Ne peut-on pourtant pas se poser la question de la légitimité des syndicats comme ils fonctionnent aujourd'hui ? Avec 8% de Français syndiqués et 10 à 20% de participation aux élections salariales, sont-ils représentatifs ? Une question qui s'applique aussi bien pour les syndicats salariaux que patronaux ? 

 
Personne ne nie que les syndicats aient des problèmes de recrutement. Ce n’est pas un hasard si c’est dans les pays où les syndicats ont le plus grand pouvoir de négociation que les organisations syndicales ont le plus d’adhérents. En France au contraire, les syndicats disposent de très peu de moyens de négociation et sont souvent dans l’obligation de recourir à la grève pour faire valoir leur point de vue. Beaucoup de salariés ne sentent pas l’utilité de se syndiquer car ils doutent de la capacité des syndicats à pouvoir faire respecter un accord en leur nom.
 
En Allemagne, où le pouvoir de négociation des syndicats est très important, les grèves sont peu fréquentes et le nombre d’adhérents est bien plus élevé qu’en France. Pour vous donner un ordre de grandeur, je vous ferai remarquer qu’en Allemagne, le syndicat industriel IG Metall et la centrale des activités de services Verdi représentent à eux deux plus de 5 millions d’adhérents, soit 3 fois plus que l’ensemble des adhérents de tous les syndicats français réunis.
 
Le renforcement des négociations collectives voulu par François Hollande devrait conduire naturellement à apaiser les rapports entre salariés et chefs d’entreprise et à élargir le recrutement syndical.
 

Peut-on encore accepter  que les syndicats soient le seul corps de la République à n'être exposé à aucune forme de contrôle indépendant ? Le rapport Perruchot a montré que la transparence des financements des syndicats, malgré le regard de la Cours des Comptes, n'est pas parfait.

 
Prenons garde à toute tentation d’ingérence.
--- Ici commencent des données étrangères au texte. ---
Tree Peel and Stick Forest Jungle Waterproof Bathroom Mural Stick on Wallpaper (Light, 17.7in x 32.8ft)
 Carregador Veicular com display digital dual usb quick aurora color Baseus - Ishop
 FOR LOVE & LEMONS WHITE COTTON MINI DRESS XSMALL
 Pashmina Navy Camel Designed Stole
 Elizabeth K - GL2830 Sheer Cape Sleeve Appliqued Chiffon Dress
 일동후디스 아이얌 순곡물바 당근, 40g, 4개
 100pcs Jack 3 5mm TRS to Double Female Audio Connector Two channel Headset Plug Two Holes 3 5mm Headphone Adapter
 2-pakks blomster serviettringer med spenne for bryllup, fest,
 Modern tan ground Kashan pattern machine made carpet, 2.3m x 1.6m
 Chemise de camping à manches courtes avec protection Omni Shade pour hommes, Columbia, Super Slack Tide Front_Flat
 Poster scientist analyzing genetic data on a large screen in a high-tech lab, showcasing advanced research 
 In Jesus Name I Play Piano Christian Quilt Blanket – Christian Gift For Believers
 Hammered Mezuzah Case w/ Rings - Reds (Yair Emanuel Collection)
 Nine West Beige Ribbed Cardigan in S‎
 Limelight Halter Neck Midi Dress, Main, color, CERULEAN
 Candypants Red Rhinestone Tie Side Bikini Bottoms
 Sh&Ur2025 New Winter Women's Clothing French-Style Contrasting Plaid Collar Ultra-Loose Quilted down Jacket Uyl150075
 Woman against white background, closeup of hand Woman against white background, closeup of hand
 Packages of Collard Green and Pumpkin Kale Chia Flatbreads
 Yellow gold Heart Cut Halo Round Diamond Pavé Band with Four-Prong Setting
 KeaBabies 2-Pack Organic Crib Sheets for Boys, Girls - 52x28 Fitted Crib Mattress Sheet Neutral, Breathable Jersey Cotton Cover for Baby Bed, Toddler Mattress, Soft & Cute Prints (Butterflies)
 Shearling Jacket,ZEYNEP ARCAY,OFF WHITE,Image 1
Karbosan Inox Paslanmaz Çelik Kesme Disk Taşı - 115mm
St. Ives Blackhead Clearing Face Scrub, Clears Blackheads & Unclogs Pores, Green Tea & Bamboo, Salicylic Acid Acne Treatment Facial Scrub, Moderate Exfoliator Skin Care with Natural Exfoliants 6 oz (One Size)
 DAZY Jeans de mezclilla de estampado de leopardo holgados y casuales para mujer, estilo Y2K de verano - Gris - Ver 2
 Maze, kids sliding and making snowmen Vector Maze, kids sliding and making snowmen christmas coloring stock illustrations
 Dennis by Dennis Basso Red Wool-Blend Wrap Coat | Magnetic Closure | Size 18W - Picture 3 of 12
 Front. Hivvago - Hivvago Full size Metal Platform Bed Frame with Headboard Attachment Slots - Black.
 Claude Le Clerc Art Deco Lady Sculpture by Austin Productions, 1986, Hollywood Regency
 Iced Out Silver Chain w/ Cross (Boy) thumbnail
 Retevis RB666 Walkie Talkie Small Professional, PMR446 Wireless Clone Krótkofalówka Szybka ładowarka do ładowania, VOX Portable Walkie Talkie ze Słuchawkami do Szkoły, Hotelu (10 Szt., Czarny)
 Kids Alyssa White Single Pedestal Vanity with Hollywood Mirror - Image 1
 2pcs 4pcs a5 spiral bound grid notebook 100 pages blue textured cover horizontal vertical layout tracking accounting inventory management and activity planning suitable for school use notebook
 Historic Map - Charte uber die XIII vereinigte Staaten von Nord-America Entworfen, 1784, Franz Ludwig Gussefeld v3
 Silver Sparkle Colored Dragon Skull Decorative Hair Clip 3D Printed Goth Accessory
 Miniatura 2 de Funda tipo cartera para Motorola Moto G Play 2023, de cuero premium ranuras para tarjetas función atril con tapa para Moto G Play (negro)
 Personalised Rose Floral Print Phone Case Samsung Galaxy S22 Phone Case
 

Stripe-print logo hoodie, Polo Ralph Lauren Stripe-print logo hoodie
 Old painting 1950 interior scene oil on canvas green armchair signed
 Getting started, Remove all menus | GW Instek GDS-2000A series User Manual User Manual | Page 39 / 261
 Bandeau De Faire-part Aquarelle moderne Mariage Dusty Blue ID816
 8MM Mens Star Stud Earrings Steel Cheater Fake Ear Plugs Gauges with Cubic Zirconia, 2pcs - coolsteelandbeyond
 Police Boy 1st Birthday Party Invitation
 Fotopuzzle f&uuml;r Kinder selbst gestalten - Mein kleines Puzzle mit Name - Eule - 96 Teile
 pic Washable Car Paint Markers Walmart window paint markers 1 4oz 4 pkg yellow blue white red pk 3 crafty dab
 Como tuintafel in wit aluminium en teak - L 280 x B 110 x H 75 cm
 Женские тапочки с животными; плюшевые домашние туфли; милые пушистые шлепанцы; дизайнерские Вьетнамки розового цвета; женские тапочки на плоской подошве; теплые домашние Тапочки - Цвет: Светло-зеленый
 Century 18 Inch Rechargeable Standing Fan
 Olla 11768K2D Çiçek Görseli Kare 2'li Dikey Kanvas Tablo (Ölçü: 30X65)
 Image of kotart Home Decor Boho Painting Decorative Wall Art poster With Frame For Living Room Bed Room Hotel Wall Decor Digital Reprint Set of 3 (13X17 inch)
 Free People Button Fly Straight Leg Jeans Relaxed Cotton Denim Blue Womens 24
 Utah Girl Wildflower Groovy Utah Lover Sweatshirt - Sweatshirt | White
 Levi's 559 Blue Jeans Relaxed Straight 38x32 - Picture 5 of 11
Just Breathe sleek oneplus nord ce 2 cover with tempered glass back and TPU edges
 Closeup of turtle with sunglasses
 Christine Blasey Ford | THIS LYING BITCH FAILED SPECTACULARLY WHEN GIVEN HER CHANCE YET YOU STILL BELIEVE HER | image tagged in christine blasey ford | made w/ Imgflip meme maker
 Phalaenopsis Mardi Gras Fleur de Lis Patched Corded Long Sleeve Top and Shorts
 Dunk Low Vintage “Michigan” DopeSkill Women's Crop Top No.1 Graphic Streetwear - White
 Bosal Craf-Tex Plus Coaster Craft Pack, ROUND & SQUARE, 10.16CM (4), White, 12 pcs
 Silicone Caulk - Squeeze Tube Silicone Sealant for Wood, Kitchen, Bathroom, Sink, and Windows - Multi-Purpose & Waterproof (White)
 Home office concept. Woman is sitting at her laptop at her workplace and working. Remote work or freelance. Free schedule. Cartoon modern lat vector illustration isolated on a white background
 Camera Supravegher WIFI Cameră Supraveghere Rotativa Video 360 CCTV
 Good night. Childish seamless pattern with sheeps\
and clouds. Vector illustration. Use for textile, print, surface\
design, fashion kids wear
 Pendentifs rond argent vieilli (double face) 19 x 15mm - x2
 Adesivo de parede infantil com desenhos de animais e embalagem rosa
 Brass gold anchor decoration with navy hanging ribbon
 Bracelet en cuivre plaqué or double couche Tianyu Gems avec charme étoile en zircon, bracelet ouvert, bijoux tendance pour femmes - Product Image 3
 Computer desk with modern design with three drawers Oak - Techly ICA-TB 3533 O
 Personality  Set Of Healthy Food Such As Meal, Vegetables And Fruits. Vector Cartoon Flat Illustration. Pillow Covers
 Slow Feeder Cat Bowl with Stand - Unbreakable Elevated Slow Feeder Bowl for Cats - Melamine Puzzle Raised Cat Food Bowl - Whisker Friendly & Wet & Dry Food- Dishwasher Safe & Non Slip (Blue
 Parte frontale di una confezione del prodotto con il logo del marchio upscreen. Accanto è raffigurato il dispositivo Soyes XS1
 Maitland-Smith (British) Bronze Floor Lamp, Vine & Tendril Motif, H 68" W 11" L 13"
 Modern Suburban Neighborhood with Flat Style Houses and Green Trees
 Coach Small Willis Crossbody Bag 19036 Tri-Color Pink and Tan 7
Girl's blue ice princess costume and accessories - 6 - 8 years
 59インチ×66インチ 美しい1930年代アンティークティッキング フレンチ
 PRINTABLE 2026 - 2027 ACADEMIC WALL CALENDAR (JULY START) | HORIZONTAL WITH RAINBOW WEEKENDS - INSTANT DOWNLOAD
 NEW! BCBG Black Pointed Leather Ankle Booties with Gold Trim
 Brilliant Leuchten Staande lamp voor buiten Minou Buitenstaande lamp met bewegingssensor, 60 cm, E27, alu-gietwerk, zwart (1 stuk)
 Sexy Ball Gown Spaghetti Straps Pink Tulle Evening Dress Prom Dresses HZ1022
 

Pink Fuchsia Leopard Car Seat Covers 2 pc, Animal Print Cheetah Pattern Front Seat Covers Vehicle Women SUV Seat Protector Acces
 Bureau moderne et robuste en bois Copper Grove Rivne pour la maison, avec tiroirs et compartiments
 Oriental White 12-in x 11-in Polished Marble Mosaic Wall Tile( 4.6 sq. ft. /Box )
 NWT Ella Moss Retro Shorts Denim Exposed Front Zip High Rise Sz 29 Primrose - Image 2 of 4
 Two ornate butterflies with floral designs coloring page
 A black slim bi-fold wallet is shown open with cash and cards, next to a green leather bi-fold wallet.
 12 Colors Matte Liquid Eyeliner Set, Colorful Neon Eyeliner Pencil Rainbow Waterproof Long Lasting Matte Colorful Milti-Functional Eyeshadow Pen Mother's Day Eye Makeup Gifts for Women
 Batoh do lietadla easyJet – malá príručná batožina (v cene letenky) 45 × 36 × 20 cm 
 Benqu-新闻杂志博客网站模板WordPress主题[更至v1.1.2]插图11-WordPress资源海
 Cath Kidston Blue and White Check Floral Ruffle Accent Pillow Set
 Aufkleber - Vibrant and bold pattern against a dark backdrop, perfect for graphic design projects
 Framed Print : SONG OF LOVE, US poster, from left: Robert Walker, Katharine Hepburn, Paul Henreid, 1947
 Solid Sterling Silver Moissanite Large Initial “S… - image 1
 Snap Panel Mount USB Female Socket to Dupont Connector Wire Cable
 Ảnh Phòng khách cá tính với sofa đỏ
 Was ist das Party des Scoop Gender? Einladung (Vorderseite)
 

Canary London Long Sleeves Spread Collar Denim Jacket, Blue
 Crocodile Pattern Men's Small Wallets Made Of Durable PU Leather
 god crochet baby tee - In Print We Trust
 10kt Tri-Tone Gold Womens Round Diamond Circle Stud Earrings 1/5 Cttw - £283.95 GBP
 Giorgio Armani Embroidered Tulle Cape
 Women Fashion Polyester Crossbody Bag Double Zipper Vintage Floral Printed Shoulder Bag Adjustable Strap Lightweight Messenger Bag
Les syndicats sont un contre-pouvoir essentiel en démocratie. A ce titre, ils sont aussi nécessaires que la presse ou les associations. La liberté syndicale d’ailleurs a une valeur constitutionnelle aussi importante que la liberté de la presse ou la liberté associative. Ce n’est donc pas un contrôle qu’il convient d’exercer mais une vérification de la légalité de certaines pratiques.
 
L’affaire des caisses noires de l’UIMM, révélée en 2009, a par exemple révélé des défaillances. Les syndicats ne sont pas restés sans réagir et il faut saluer la qualité de l’accord du 17 février dernier sur la transparence financière des organismes paritaires. Cet accord répond parfaitement aux attentes sur la transparence des comptes des organisations gérées par les syndicats, comme les caisses de retraite complémentaires ou les organismes de formation professionnelle.
 
Cet accord rend obligatoire pour chaque organisme la signature d'une "convention financière" qui fixera les modalités du financement des activités et instituera un plafond de dépenses global. La fonction d'administrateur étant exercée à titre gracieux, les frais (liés au déplacement, séjour, formation) seront désormais remboursés sur justificatif et non plus sur forfait. Je crois que l’on est sur la bonne voie et qu’il faut faire confiance aux syndicats pour faire les nécessaires efforts d’adaptation de leurs modes de fonctionnement.